» Problem description: Copy verbatim the block of lines in the entries below whose first line contains "myntra.com H&M Linen-Blend" and whose last line contains "FIL & LEN LTD". Leave out all other lines.

[[ Record extracts, beginning ]]

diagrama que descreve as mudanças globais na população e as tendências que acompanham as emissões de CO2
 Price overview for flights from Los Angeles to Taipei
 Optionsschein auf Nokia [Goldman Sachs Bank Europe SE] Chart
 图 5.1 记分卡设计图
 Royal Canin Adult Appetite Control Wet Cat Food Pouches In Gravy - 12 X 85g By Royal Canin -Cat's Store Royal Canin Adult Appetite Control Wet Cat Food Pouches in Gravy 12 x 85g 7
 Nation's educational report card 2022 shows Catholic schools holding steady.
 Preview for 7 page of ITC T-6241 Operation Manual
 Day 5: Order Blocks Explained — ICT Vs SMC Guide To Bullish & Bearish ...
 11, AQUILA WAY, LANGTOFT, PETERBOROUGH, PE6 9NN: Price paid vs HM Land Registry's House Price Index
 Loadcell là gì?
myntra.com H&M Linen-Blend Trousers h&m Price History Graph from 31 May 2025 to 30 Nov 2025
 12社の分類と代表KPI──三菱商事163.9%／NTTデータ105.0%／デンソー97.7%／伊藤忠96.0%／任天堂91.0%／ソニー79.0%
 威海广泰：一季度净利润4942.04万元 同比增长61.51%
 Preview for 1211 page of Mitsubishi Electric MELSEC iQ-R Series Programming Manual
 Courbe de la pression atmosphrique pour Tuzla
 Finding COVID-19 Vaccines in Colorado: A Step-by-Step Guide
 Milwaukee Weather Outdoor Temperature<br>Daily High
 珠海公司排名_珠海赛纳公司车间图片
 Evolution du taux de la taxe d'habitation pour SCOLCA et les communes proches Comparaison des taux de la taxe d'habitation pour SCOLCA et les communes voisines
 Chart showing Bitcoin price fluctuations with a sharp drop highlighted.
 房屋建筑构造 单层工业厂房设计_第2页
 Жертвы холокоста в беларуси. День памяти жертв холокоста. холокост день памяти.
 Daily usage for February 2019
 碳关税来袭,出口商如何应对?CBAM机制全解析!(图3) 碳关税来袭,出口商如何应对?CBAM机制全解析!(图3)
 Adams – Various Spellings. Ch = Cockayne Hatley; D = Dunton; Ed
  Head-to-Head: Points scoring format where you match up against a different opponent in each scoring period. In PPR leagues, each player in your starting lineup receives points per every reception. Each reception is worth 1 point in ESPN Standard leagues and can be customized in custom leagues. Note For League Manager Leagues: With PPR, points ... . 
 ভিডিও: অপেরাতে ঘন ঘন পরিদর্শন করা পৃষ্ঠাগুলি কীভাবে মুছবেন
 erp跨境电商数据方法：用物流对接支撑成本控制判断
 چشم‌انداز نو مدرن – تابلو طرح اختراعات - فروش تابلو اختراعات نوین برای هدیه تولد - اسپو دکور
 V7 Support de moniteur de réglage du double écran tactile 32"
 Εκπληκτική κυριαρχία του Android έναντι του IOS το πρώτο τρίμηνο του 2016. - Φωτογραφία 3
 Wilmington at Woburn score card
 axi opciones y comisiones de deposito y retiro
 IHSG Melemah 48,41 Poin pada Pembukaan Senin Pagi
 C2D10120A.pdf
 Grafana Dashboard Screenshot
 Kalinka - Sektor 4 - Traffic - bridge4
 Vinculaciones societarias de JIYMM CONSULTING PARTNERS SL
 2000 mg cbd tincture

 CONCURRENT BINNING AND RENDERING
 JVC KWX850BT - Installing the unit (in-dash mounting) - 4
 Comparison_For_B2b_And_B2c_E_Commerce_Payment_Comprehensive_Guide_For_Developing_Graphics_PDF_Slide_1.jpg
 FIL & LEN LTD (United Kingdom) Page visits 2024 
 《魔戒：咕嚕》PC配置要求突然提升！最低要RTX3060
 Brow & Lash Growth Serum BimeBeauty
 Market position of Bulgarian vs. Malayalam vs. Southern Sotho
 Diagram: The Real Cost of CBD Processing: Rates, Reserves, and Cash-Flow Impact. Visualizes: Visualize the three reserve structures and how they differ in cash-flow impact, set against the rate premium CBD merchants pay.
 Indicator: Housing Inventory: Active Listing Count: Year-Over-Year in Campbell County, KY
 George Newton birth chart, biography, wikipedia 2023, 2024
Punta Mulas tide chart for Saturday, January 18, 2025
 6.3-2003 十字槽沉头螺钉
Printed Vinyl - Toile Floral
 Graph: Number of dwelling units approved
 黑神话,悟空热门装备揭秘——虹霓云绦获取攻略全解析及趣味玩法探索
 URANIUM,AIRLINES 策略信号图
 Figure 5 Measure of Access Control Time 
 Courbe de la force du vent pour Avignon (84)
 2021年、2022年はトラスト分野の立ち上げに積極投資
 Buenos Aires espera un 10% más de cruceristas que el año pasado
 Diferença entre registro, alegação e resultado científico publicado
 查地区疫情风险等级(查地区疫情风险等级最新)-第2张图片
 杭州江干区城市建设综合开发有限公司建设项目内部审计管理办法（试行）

[[ Record extracts, end ]]

» Solution:
myntra.com H&M Linen-Blend Trousers h&m Price History Graph from 31 May 2025 to 30 Nov 2025
 12社の分類と代表KPI──三菱商事163.9%／NTTデータ105.0%／デンソー97.7%／伊藤忠96.0%／任天堂91.0%／ソニー79.0%
 威海广泰：一季度净利润4942.04万元 同比增长61.51%
 Preview for 1211 page of Mitsubishi Electric MELSEC iQ-R Series Programming Manual
 Courbe de la pression atmosphrique pour Tuzla
 Finding COVID-19 Vaccines in Colorado: A Step-by-Step Guide
 Milwaukee Weather Outdoor Temperature<br>Daily High
 珠海公司排名_珠海赛纳公司车间图片
 Evolution du taux de la taxe d'habitation pour SCOLCA et les communes proches Comparaison des taux de la taxe d'habitation pour SCOLCA et les communes voisines
 Chart showing Bitcoin price fluctuations with a sharp drop highlighted.
 房屋建筑构造 单层工业厂房设计_第2页
 Жертвы холокоста в беларуси. День памяти жертв холокоста. холокост день памяти.
 Daily usage for February 2019
 碳关税来袭,出口商如何应对?CBAM机制全解析!(图3) 碳关税来袭,出口商如何应对?CBAM机制全解析!(图3)
 Adams – Various Spellings. Ch = Cockayne Hatley; D = Dunton; Ed
  Head-to-Head: Points scoring format where you match up against a different opponent in each scoring period. In PPR leagues, each player in your starting lineup receives points per every reception. Each reception is worth 1 point in ESPN Standard leagues and can be customized in custom leagues. Note For League Manager Leagues: With PPR, points ... . 
 ভিডিও: অপেরাতে ঘন ঘন পরিদর্শন করা পৃষ্ঠাগুলি কীভাবে মুছবেন
 erp跨境电商数据方法：用物流对接支撑成本控制判断
 چشم‌انداز نو مدرن – تابلو طرح اختراعات - فروش تابلو اختراعات نوین برای هدیه تولد - اسپو دکور
 V7 Support de moniteur de réglage du double écran tactile 32"
 Εκπληκτική κυριαρχία του Android έναντι του IOS το πρώτο τρίμηνο του 2016. - Φωτογραφία 3
 Wilmington at Woburn score card
 axi opciones y comisiones de deposito y retiro
 IHSG Melemah 48,41 Poin pada Pembukaan Senin Pagi
 C2D10120A.pdf
 Grafana Dashboard Screenshot
 Kalinka - Sektor 4 - Traffic - bridge4
 Vinculaciones societarias de JIYMM CONSULTING PARTNERS SL
 2000 mg cbd tincture

 CONCURRENT BINNING AND RENDERING
 JVC KWX850BT - Installing the unit (in-dash mounting) - 4
 Comparison_For_B2b_And_B2c_E_Commerce_Payment_Comprehensive_Guide_For_Developing_Graphics_PDF_Slide_1.jpg
 FIL & LEN LTD (United Kingdom) Page visits 2024 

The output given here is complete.